───── Extracted data ─────
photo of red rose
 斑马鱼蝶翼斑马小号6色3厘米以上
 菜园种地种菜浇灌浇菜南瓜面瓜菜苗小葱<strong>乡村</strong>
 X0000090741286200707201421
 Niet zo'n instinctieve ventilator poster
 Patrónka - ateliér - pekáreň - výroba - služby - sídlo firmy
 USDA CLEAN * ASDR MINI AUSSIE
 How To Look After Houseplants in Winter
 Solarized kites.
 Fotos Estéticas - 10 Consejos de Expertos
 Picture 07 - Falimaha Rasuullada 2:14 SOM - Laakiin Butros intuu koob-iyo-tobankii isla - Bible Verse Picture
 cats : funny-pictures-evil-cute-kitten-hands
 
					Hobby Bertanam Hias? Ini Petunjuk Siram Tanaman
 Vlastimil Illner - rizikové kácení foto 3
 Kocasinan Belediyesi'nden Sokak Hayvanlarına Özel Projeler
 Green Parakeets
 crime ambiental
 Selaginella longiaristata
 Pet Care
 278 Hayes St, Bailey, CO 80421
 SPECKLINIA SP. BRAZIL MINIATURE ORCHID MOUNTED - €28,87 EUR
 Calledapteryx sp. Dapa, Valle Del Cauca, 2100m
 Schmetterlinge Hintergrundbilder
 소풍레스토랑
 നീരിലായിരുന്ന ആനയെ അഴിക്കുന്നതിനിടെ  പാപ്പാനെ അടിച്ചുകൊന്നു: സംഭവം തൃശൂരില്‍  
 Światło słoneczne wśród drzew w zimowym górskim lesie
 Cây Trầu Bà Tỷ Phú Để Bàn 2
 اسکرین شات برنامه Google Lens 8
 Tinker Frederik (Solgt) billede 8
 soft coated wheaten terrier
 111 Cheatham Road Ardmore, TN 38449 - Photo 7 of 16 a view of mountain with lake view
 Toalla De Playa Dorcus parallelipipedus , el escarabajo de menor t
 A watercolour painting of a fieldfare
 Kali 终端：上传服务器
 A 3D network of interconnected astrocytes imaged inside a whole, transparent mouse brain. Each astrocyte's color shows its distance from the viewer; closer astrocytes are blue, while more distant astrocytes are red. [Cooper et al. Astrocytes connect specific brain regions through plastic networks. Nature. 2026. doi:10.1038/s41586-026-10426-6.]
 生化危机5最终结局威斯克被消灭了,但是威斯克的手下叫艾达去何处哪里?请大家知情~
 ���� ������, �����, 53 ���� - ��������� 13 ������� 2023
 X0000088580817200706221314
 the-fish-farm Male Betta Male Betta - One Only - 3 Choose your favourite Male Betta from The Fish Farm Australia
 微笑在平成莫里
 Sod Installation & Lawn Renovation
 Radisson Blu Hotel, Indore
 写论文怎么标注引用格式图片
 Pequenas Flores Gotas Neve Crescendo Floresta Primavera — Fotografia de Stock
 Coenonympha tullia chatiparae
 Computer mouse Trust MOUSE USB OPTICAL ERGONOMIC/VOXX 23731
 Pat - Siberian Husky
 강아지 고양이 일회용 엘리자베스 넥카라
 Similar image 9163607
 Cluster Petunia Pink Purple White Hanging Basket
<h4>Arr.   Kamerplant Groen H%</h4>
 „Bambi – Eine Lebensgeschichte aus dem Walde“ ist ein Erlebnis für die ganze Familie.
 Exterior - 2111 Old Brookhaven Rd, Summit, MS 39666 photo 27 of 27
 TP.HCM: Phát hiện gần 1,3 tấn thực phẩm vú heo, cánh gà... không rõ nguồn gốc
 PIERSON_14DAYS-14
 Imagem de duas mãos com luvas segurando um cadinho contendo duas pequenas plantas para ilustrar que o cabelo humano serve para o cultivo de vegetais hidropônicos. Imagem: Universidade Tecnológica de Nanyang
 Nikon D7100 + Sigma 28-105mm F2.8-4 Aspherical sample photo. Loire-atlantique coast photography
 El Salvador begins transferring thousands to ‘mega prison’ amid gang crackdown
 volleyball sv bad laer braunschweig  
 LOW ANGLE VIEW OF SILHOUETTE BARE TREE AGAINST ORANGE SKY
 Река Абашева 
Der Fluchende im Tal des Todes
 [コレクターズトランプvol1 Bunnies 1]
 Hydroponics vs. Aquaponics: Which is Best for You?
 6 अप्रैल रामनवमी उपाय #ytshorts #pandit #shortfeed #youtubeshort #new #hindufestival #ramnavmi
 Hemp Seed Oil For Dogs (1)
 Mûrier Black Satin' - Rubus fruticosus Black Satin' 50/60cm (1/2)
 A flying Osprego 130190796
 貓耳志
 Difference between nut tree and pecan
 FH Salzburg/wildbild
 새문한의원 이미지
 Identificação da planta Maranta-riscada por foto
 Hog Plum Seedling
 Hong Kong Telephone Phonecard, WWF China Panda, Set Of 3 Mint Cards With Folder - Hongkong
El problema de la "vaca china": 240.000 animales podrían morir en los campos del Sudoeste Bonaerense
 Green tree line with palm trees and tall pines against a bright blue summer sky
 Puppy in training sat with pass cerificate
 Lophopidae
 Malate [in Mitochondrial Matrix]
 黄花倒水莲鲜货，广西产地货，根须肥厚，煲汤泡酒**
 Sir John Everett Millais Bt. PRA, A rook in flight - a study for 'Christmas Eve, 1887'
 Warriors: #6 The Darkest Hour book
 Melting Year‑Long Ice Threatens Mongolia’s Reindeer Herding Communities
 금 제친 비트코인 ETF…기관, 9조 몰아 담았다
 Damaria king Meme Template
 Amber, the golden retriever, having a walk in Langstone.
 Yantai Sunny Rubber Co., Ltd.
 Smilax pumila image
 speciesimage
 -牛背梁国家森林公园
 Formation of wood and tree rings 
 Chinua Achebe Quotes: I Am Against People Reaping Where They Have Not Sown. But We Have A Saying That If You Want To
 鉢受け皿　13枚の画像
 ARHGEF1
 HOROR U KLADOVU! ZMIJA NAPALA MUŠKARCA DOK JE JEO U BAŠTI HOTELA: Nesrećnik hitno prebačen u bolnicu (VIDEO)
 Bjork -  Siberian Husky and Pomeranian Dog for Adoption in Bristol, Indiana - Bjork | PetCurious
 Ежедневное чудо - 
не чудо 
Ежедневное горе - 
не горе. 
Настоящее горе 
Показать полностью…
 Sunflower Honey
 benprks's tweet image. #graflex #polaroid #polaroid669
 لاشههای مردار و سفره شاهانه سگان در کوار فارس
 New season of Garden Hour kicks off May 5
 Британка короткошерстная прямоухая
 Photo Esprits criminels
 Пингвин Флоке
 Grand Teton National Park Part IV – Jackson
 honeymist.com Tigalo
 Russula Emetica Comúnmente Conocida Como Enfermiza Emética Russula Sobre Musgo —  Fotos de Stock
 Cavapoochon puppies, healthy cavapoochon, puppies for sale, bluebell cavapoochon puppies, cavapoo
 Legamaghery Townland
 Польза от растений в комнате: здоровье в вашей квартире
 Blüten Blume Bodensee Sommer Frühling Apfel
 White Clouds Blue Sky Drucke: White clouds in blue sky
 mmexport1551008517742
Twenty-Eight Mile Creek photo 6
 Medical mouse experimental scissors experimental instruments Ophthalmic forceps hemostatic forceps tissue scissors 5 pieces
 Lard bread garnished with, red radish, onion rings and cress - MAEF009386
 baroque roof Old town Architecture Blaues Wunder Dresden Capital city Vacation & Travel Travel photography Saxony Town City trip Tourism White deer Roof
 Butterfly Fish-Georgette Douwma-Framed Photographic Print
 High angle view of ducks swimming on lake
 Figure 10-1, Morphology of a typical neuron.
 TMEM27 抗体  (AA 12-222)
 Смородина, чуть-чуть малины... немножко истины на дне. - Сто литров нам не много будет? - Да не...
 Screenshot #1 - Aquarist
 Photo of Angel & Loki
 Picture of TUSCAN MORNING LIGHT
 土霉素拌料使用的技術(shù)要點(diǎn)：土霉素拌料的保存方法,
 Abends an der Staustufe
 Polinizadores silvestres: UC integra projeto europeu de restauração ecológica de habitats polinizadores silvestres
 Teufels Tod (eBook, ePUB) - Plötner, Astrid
─────
## Description of the task
Repeat the entries above verbatim, but only from the line that has "لاشههای مردار و" down to the line that has "Russula Emetica Comúnmente", inclusive.

## Answer box
 لاشههای مردار و سفره شاهانه سگان در کوار فارس
 New season of Garden Hour kicks off May 5
 Британка короткошерстная прямоухая
 Photo Esprits criminels
 Пингвин Флоке
 Grand Teton National Park Part IV – Jackson
 honeymist.com Tigalo
 Russula Emetica Comúnmente Conocida Como Enfermiza Emética Russula Sobre Musgo —  Fotos de Stock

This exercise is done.